Ukraine, § 32; décision, 24 novembre 1998, Brown c. Royaume-Uni), qui a une portée analogue à celle de l'article 15 du Pacte international relatif aux droits civils et politiques et à celle de l'article 49, paragraphe 1, de la Charte des droits fondamentaux de l'Union européenne, en vertu de l'article 52, paragraphe 3, de la même Charte (CJUE, grande chambre, 5 décembre 2017, M.A.S. et M.B., point 54).

B.4. L'amende administrative qui était prévue par la disposition en cause avait été initialement instaurée pour prévenir et sanctionner les infractions au décret du 16 juillet 2015 et à ses mesures d'exécution. Son montant était forfaitaire; il s'élevait à 1 000 euros, quelle que soit l'infraction commise, sa gravité ou l'éventuelle bonne foi du redevable. Le Gouvernement wallon ne démontre pas que ce montant serait purement indemnitaire et viserait uniquement à réparer le préjudice subi par la Région wallonne. Comme il est dit en B.1.2, les travaux préparatoires du décret modificatif du 13 décembre 2017 font au contraire état du caractère disproportionné du montant de l'amende au regard de la redevance éludée. De surcroît, les modalités d'application de la sanction litigieuse permettaient un cumul des amendes, ce qui pouvait impliquer des montants considérables, comme c'est le cas dans l'affaire soumise au juge a quo.

Il s'agit donc d'une sanction pénale au sens des dispositions conventionnelles citées en B.3.

B.5. La rétroactivité de la loi pénale la plus douce constitue un principe général de droit, qui est consacré par l'article 7 de la Convention européenne des droits de l'homme, par l'article 15 du Pacte international relatif aux droits civils et politiques, ainsi que par l'article 49, paragraphe 1, de la Charte des droits fondamentaux de l'Union européenne.

Ce principe s'applique dans la mesure où une décision pénale définitive n'a pas encore été prononcée.

Le principe de la rétroactivité de la loi pénale la plus douce vaut également pour les sanctions administratives qui peuvent être qualifiées de « pénales » au sens des dispositions précitées, comme c'est le cas en l'espèce.

Contrairement à ce que soutient le Gouvernement wallon, la circonstance que l'amende qui est prévue par le décret modificatif du 13 décembre 2017 ne revêt pas un caractère pénal, à la supposer avérée, ne ferait pas obstacle à l'application du principe de la rétroactivité de la loi pénale la plus douce.
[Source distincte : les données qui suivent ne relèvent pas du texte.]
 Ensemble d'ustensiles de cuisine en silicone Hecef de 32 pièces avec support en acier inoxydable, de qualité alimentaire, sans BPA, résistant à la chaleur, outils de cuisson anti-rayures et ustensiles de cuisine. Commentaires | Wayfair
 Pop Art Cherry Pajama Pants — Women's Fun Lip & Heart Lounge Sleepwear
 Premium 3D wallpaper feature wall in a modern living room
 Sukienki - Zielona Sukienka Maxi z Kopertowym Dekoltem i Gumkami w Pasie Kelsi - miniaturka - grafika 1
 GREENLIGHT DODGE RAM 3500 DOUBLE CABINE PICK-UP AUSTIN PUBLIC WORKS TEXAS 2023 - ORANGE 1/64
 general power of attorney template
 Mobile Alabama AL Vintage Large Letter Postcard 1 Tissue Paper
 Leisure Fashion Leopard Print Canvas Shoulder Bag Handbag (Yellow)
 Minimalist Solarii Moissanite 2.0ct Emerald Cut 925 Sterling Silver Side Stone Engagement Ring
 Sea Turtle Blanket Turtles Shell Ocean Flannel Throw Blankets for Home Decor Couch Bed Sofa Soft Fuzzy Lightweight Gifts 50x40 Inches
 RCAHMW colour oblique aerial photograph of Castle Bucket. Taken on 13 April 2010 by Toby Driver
Pour l'application de ce principe, seule importe la question de savoir si une incrimination déterminée est abrogée ou si elle fait désormais l'objet d'une sanction plus douce.

B.6. Il appartient au juge a quo d'examiner, en tenant compte de la modification décrétale mentionnée en B.1.2, ainsi que du principe de la rétroactivité de la loi pénale la plus douce, contenu dans l'article 7 de la Convention européenne des droits de l'homme, dans l'article 15 du Pacte international relatif aux droits civils et politiques et dans l'article 49, paragraphe 1, de la Charte des droits fondamentaux de l'Union européenne, si l'article 22 du décret du 16 juillet 2015, avant son remplacement par l'article 32 du décret du 13 décembre 2017, doit encore être appliqué au redevable.

B.7. Il y a lieu de renvoyer les questions préjudicielles au juge a quo afin qu'il puisse réexaminer l'affaire à la lumière de la disposition nouvelle et apprécier si la réponse à ces questions est encore nécessaire à la solution du litige.

Par ces motifs, la Cour renvoie les questions préjudicielles au juge a quo.

Ainsi rendu en langue française et en langue néerlandaise, conformément à l'article 65 de la loi spéciale du 6 janvier 1989 sur la Cour constitutionnelle, le 10 octobre 2019.